For me, a poached egg is the best egg. It has the runny yolk and toast topability of a fried egg, and the feel good health factor of a boiled egg. In some ways, when eating a poached egg, it feels as though you are cheating. Water alone should not be able to produce something so tasty and indulgent.
They do make you work for it though. Despite every TV chef and cookbook telling you that there is no need to worry about poached eggs, they all proffer a different trick for producing the ‘perfect’ egg. Such variety in methodology reveals the truth: making poached eggs is difficult. There is a fine line between a perfect one, and a floating yolk surrounded by stringy membrane.

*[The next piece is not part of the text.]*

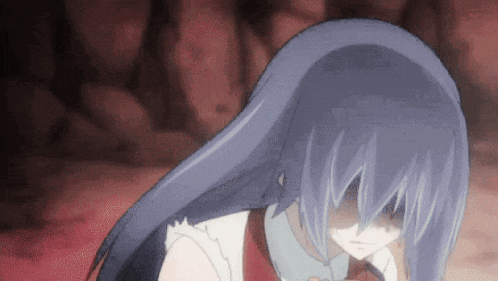 a close up of a girl with long blue hair and a red shirt .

I have tried almost every trick in these books. I have wrapped in cling film, floated in a plastic mould, pre-blanched for 30 seconds, added vinegar, not stirred water and drained off excess white in a sieve. Some are better than others, but none are perfect. I use a very simple method. No real tricks involved. I have also developed a way of cooking lots of poached eggs to serve to friends for breakfast, as whatever recipe/trick you use, it will inevitably be limited to cooking one or two eggs at a time. I thought of this method myself, but would be very surprised if every restaurant cook working a breakfast shift had not already thought of it…
Cooking the egg
As mentioned above, my method of preparing poached eggs is simple. To cook the egg, use a deep pan, well filled with water. Bring the water up to the boil and then turn the heat down slightly, so that there are still bubbles rising to the top, but these are small instead of the large bubbles characteristic of a ‘rolling boil’. Then, using a whisk, stir the water in an anti-clockwise (clockwise if left handed) direction to create a whirlpool effect, bring the whisk closer to the middle of the pan as you go. Quickly but gently crack the egg into the centre of the vortex. Hopefully, the water movement will wrap the egg white around the yolk as it sets. Leave to cook for about 2 minutes, or until the white has set fully but the yolk still feels soft (you can check this by carefully lifting the egg to the surface with a slotted spoon once it has begun to set). Then remove the egg and let it steam for a couple of seconds on the spoon. This will ensure that no excess water accompanies the egg onto your plate. I like to eat poached eggs on brown toast with salt, pepper and a squeeze of lemon juice.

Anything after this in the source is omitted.